» TASK REQUIREMENTS
Whatever appears in the records, retype it exactly, except for the pictures.

» RECORDS FOR THE TASK
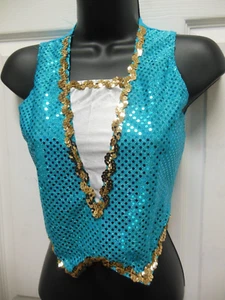 Suéter delantero de lentejuelas turquesa baile spandex chaleco trasero unisex dorado mediano ch - Imagen 1 de 6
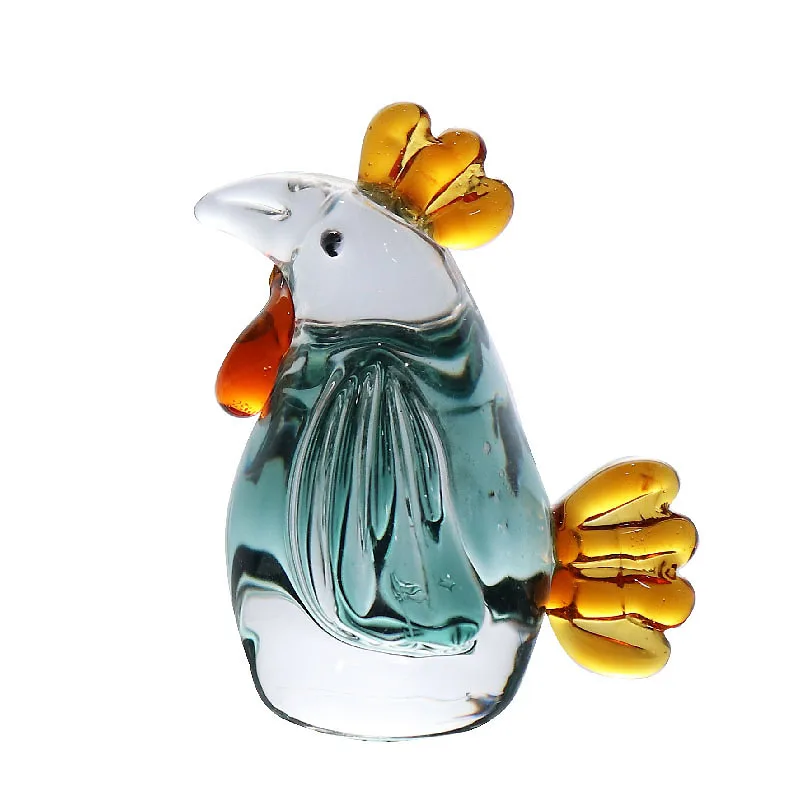 Wholesale solid color glass glass chicken animal figurines for home decoration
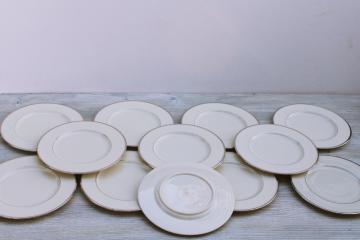 vintage Lenox Montclair set of 12 salad plates, ivory porcelain w/ platinum band trim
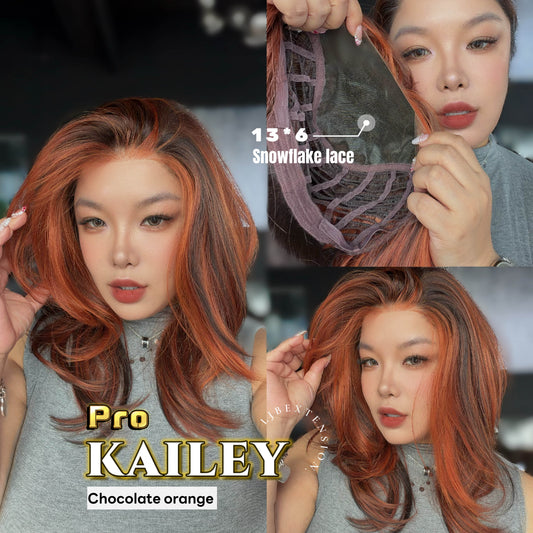 JBEXTENSION 20 Inches Chocolate Orange Pre-Cut 13X6 Free Part Snowflake Lace Frontlace Glueless Wig KAILEY PRO - CHOCOLATE ORANGE【BENDY EAR TABS】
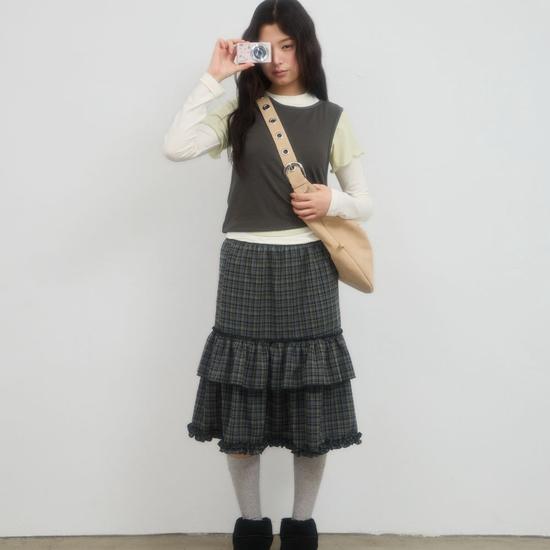 Check Cancan Midi Skirt 2 Colors FREE зелений
Check Cancan Midi Skirt 2 Colors FREE зелений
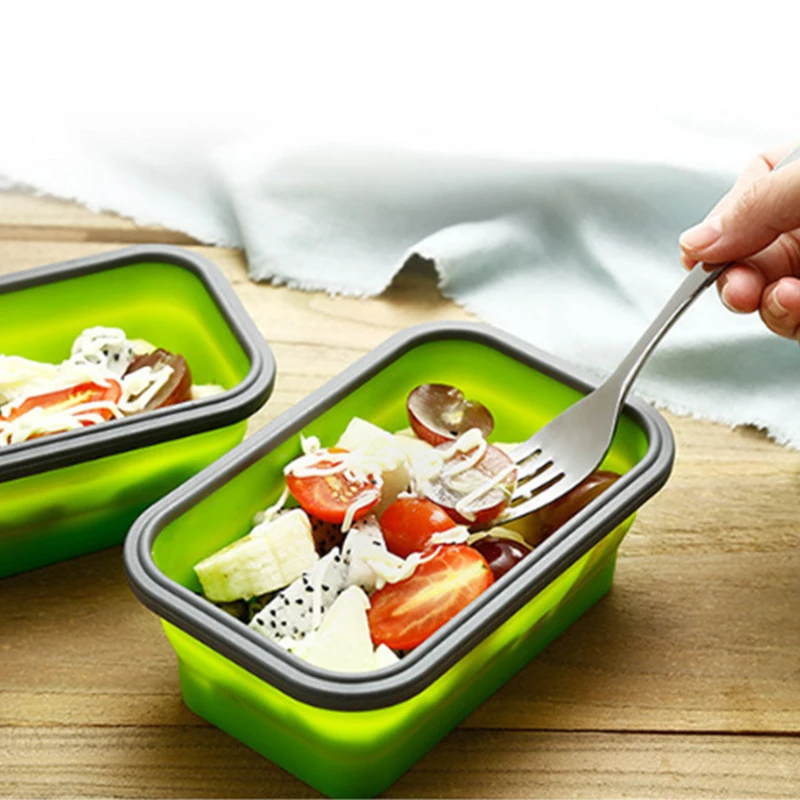 Силиконовый Ланч бокс складной портативный контейнер миска контейнеры для бенто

» RESPONSE FOR THIS EXERCISE
 Suéter delantero de lentejuelas turquesa baile spandex chaleco trasero unisex dorado mediano ch - Imagen 1 de 6
 Wholesale solid color glass glass chicken animal figurines for home decoration
 vintage Lenox Montclair set of 12 salad plates, ivory porcelain w/ platinum band trim
 JBEXTENSION 20 Inches Chocolate Orange Pre-Cut 13X6 Free Part Snowflake Lace Frontlace Glueless Wig KAILEY PRO - CHOCOLATE ORANGE【BENDY EAR TABS】
 Check Cancan Midi Skirt 2 Colors FREE зелений
Check Cancan Midi Skirt 2 Colors FREE зелений
 Силиконовый Ланч бокс складной портативный контейнер миска контейнеры для бенто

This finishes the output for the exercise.